High Court Mandates Online Conduction of Final Year Examinations for DU Students

The Delhi High Court has asked DU to conduct final year examinations for final year students in the open book, online form.

In a latest development to the ongoing confusion over the conduction of final year examinations amid the coronavirus pandemic for students of Delhi University, the High Court has now cleared the air and decided to grant DU the permission to conduct online open book exams for the students of the final year. These final year examinations that would be conducted online will begin from August 10.

It is in this context that the UGC has been asked to comply with a series of directions to make the conduction of online exams a very smooth process.

The High Court did not pay heed to the demands of the students to put a stay on the final year exams in the context of the pandemic but instead mandated that instead of conducting exams offline, the exams can be conducted online. The court has said that the question papers would have to be uploaded on the university portal and emailed to the students. The court also said that the students will be given extra time to upload their answers online and after their answers have been received, they will get an automatically generated email proving the receipt of the name by the examining body. The court has asked the university to make sure that the centralised email ID has enough capacity so as to be able to receive the answer scripts of all the students. A grievance cell will also be made to address the issues faced by the students. The detailed information on  nodal officers, central ID, the colleges enrolled and concerned authorities will be published by August 8.
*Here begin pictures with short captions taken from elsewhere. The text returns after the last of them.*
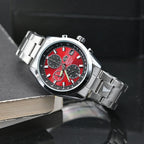 Orient Men's Chronograph Wristwatch Red Dial Stainless Steel Band 100M Waterproof Fashion Sport Watch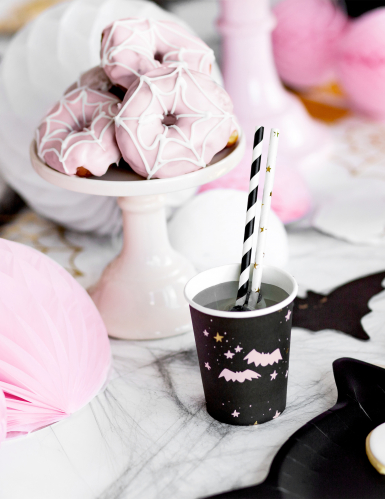 6 gobelets en carton halloween roses et noirs 220 ml mignons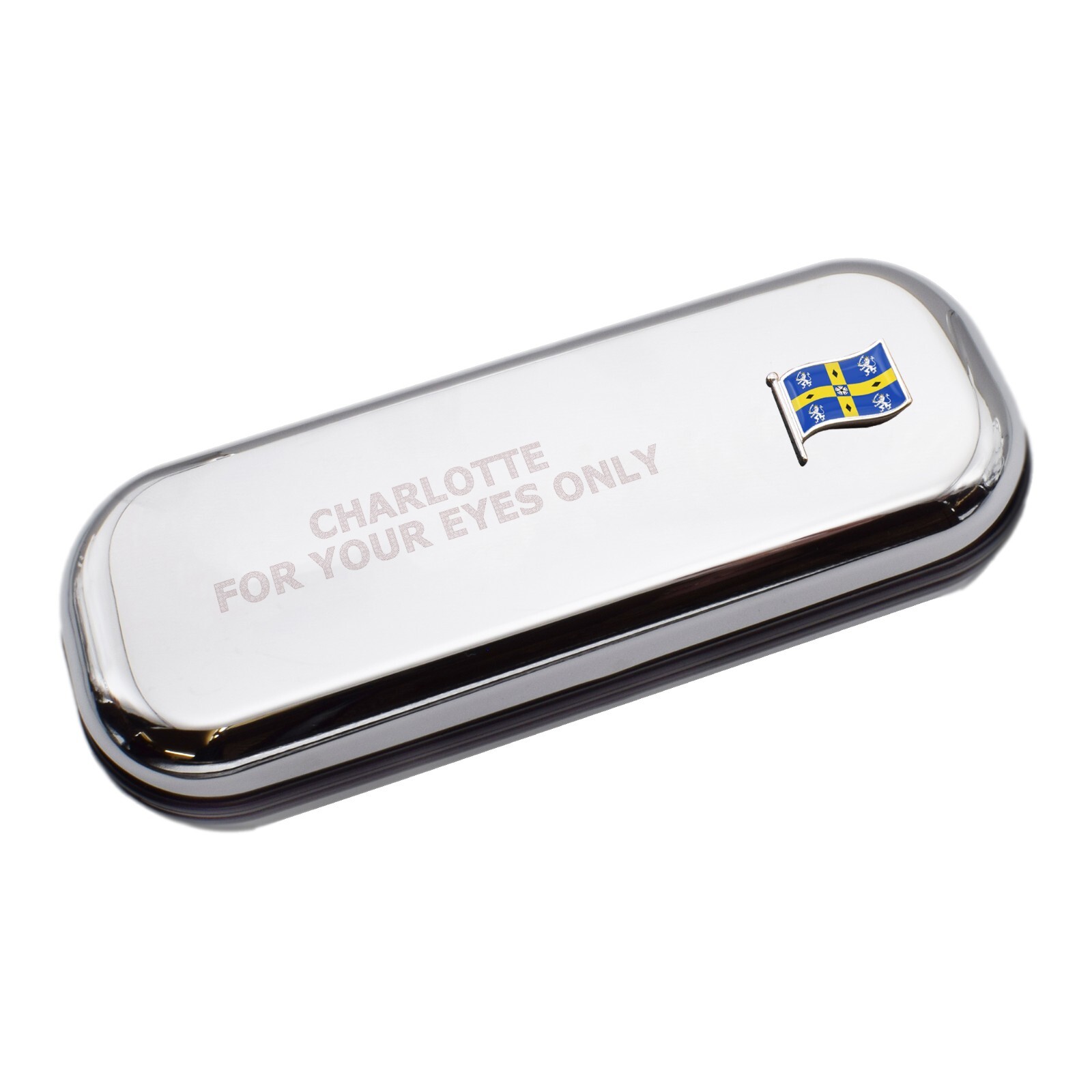 Durham Republic Wave Flag & Engraved With Message Chromed Glasses Case Box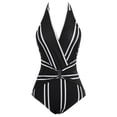 thumbnail image 4 of Grace Karin Women's Halter One Piece Swimsuit Deep V Neck Stripe Monokini Beach Swimwear Bathing Suit,S, 4 of 7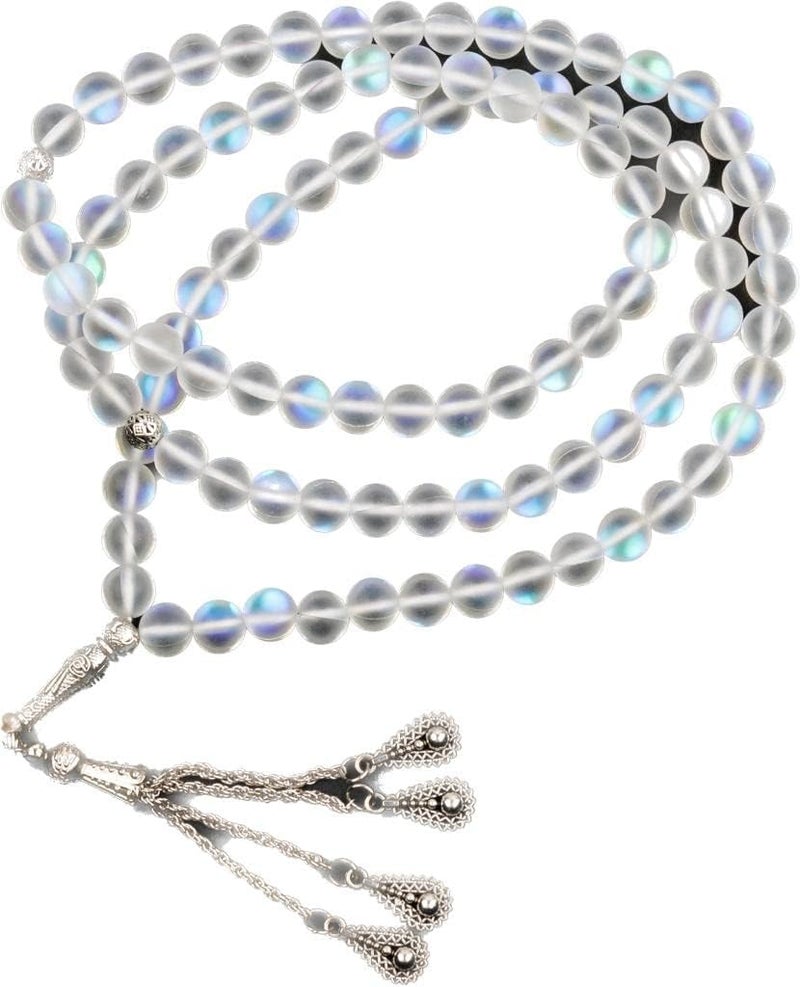 AC&L Transluscent White Glitter Natural Agate Tasbeeh Prayer Beads - 8mm Stones - Image 1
The university will then have to send the answer scripts to the teachers who will be checking them. The issue will be heard again on September 22 to make sure that the court’s mandate had been followed well. The debate over whether online examination should be conducted amid the coronavirus pandemic had become quite large because many bodies argued that it would be unfair for students who are not presently having an infrastructure that is conducive to good internet connectivity or have other accessibility issues. But the court says that given the present conditions, online examinations are the best bet.